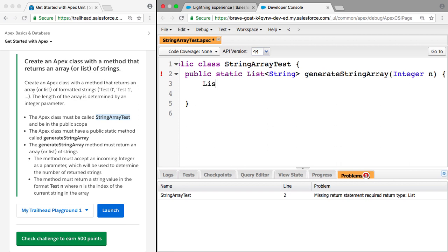Which is going to say R equals new list string. So this is just initializing this list of strings.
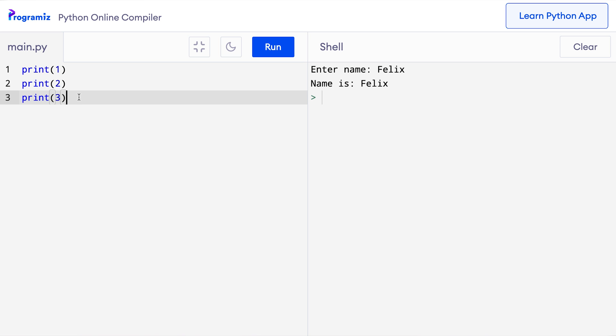Python doesn't have multi-line comments like other programming languages such as C++ and Java. However, we can use the hash symbol at the beginning of each line to get the same effect. Suppose we have this code and we want to add comments to all three lines.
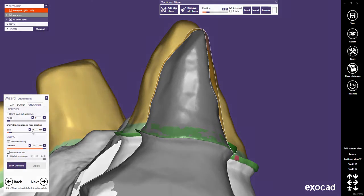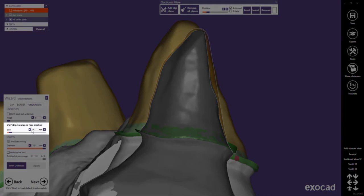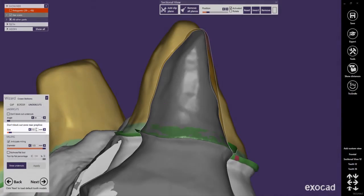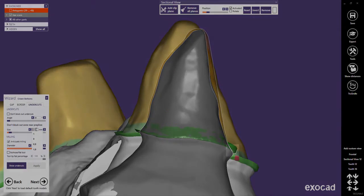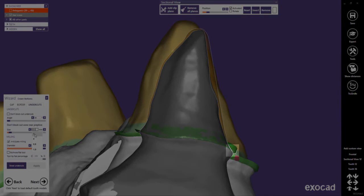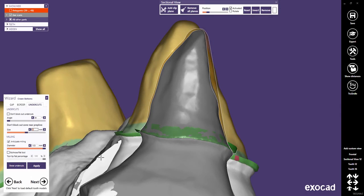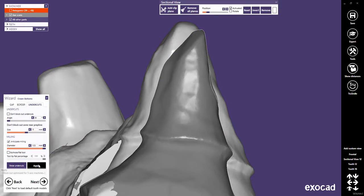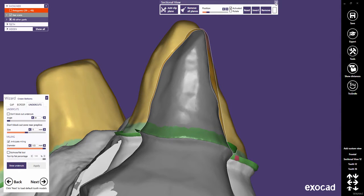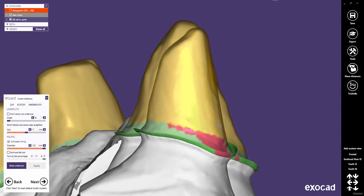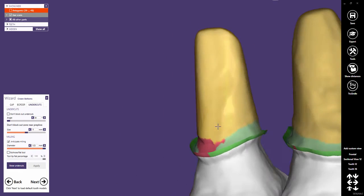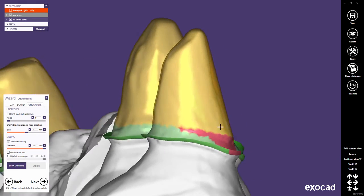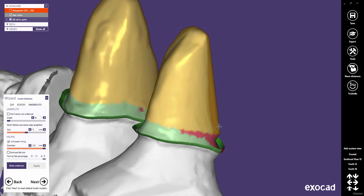The slider, Don't block out zone near prepline, defines an untouchable zone around the preparation margin, where the crown is never blocked out. You see now how the upper part is blocked out, but as soon as the untouchable zone is reached, the crown bottom will go back to the preparation.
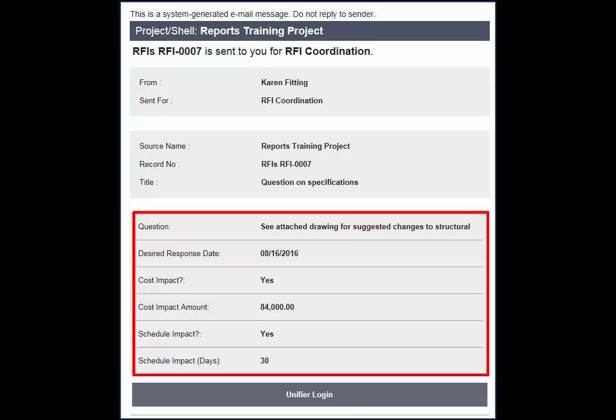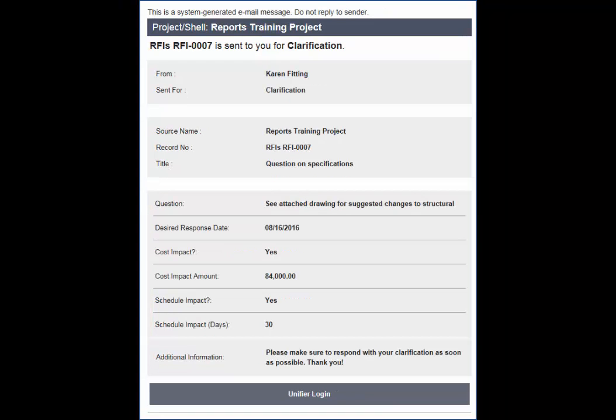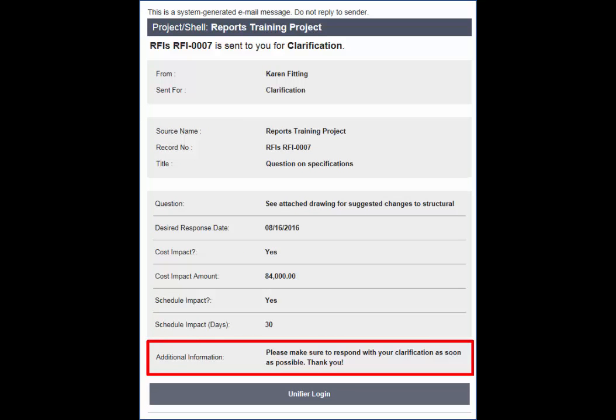This is done in Udesigner. You can also add a note or instructions to the notification through BP Setup. For a given step in the workflow, enter email content to populate in the additional information section of the email notification.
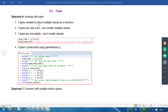Working with the tuple — tuples are needed to return multiple values from a function. What is the best use case of the tuple? If we want to return multiple values inside a function, then we have to use a tuple. Tuples are like a list and can contain multiple values. Tuples are immutable — cannot modify values. It is unlike the list, where you can modify values.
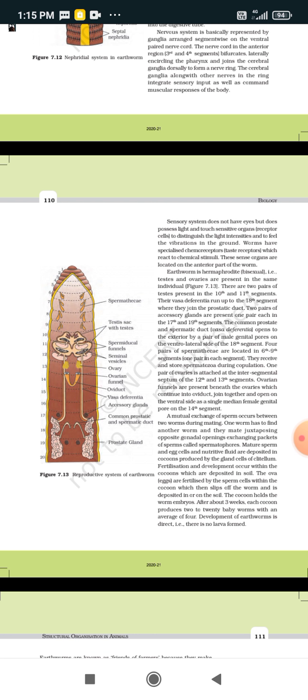Worms have specialized chemoreceptors related to taste receptors, which react to chemical stimuli. If any chemicals are present in the environment, the worm shows responses to that chemical. These sense organs are located in the anterior part of the worm.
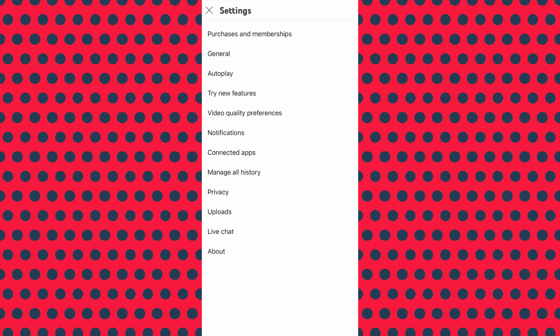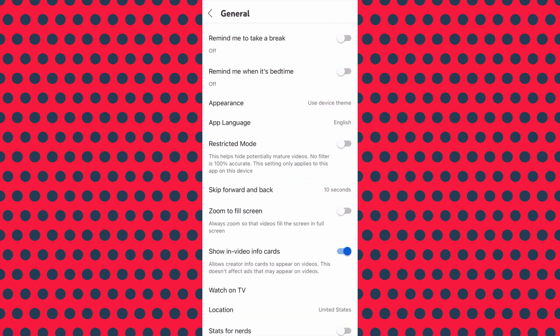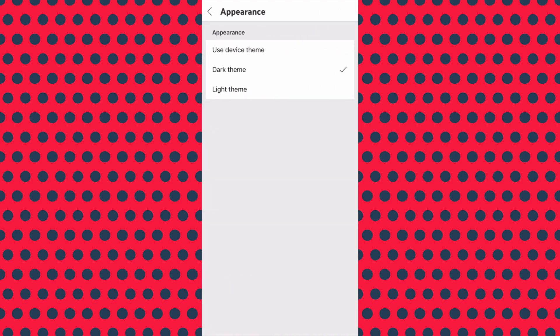Once you have accessed the Settings menu, tap on General at the top. From there, click on Appearance and select the Dark theme option to activate dark mode for YouTube in 2023. There it is.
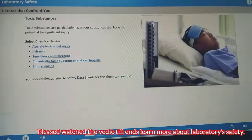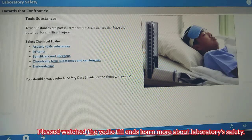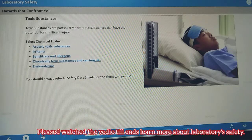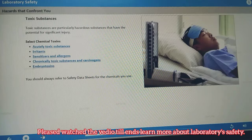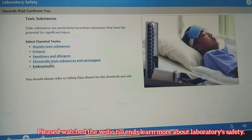Toxic substances are particularly hazardous substances that have the potential for significant injury. Some are in a select category of chemicals due to the nature of injury.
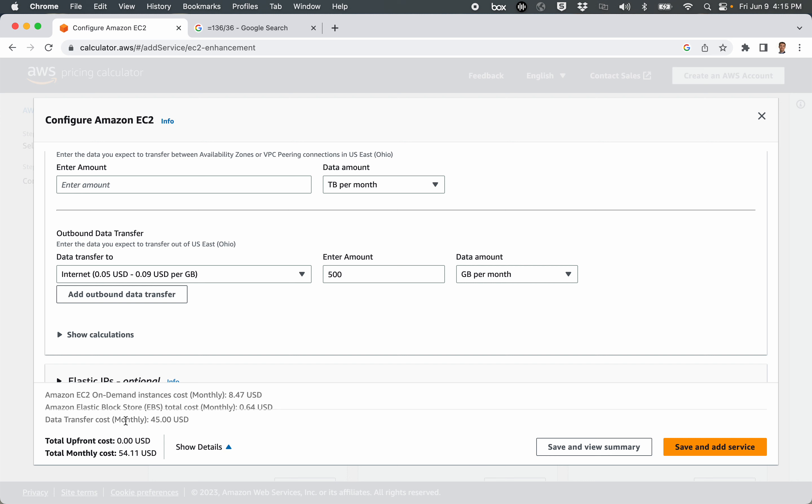The data transfer cost is $45 a month, which is many times the cost of the EC2 instance. So, as we end this video talking about using the AWS pricing calculator, what I'd like to highlight here is that usually we only consider the cost of the EC2 instance itself, but when it is put into use and it's actively being visited by people, the cost of the data transfer can actually be much higher than the cost of the EC2 instance hardware itself.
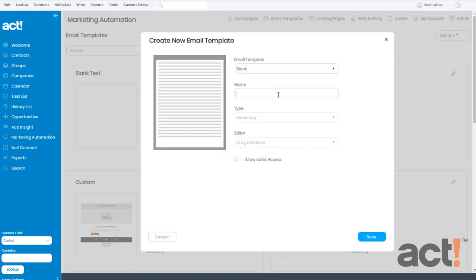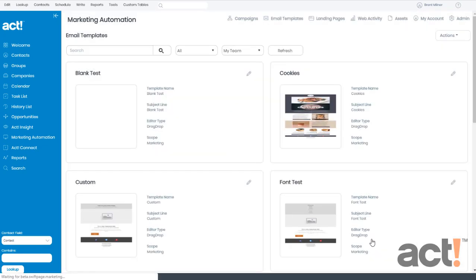Now you need to give this template a unique name so that you can find it later on when you need to look for it. For the template type and editor, it will already be set for you at Marketing and drag and drop. So now just click Save.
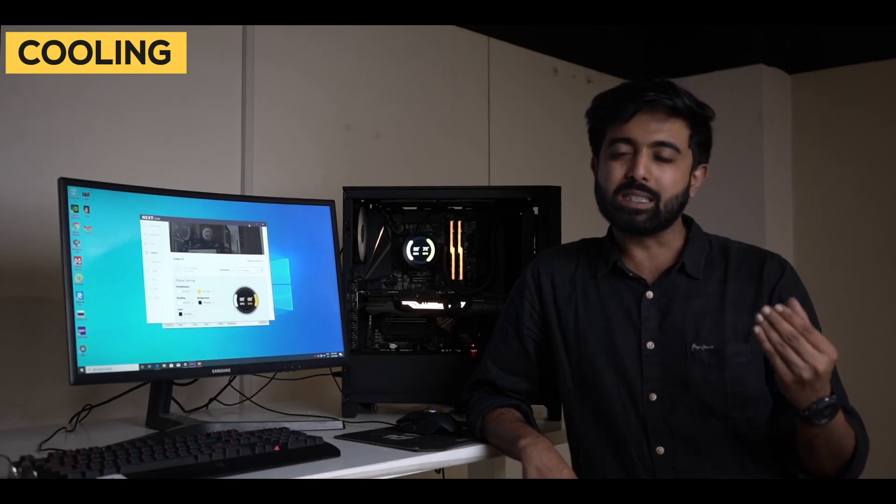But what's the most important thing about a cooler? Its cooling. So let's see how its cooling is. So what's the basic work of a CPU?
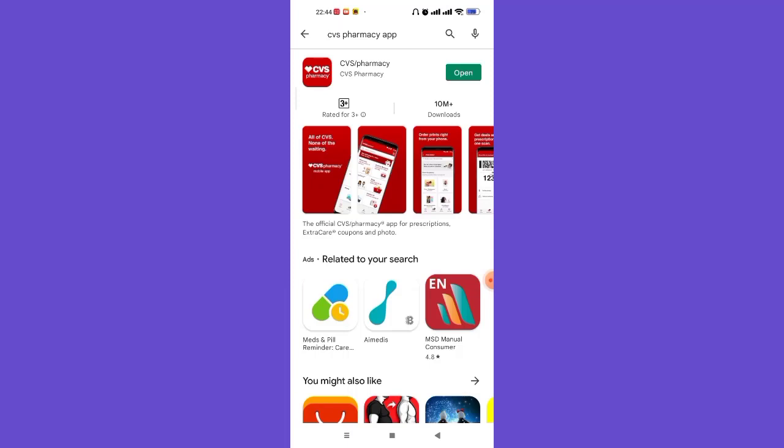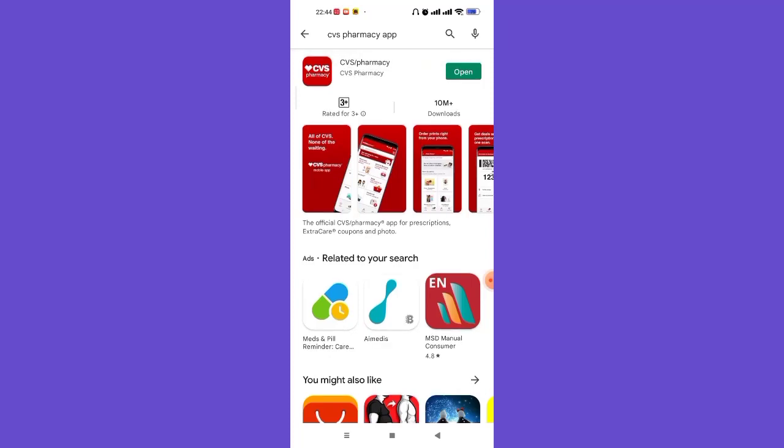After you hit enter you'll be guided to another page where you'll see the CVS app. If you only see the 'Open' button, your app is already updated. But if your app is not updated, you'll see an 'Update' button next to the 'Open' button. Go ahead and click on it, and the new updated version of the CVS app will be downloaded and installed on your device. That should resolve your login error.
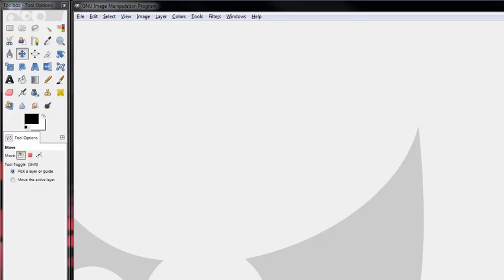In this video we're going to show you how to resize an image that's been sent to you using the free software called GIMP.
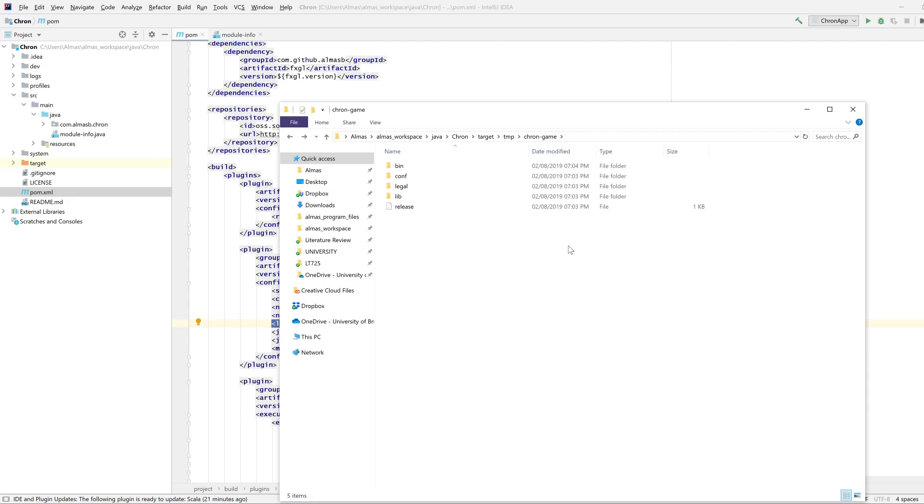Then you can start thinking about how to make this native. I think there is a plugin for JavaFX that does this, produces a native executable in the end, which would be even easier for the end user. Anyway, that's all for this tutorial. Thanks for watching.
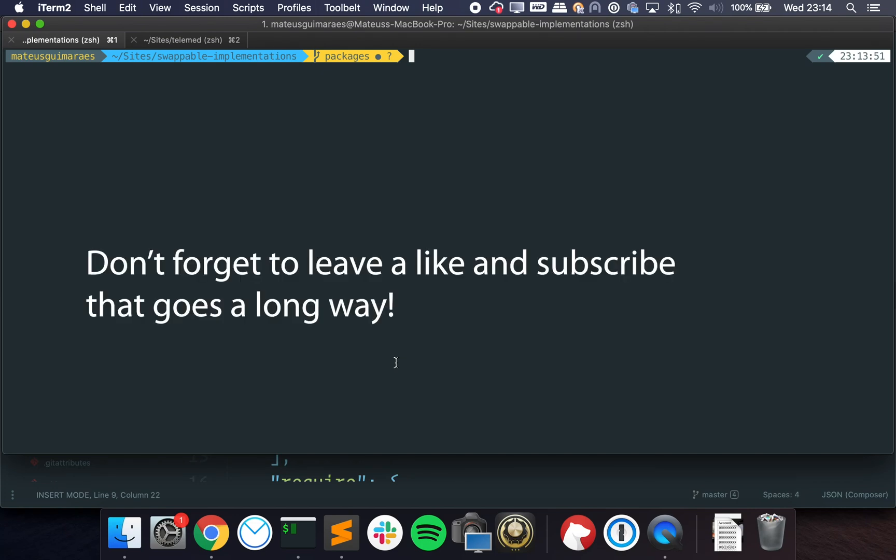Hey folks, hope you're all doing very well. It's been a long time since I posted a video, sorry about that.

## Instructions to follow
Word for word, repeat the lines above from the one with "Python doesn't have" through the one with "The slider, Don't", and nothing beyond them. Omit the pictures.

## Completed task
Python doesn't have multi-line comments like other programming languages such as C++ and Java. However, we can use the hash symbol at the beginning of each line to get the same effect. Suppose we have this code and we want to add comments to all three lines.
The slider, Don't block out zone near prepline, defines an untouchable zone around the preparation margin, where the crown is never blocked out. You see now how the upper part is blocked out, but as soon as the untouchable zone is reached, the crown bottom will go back to the preparation.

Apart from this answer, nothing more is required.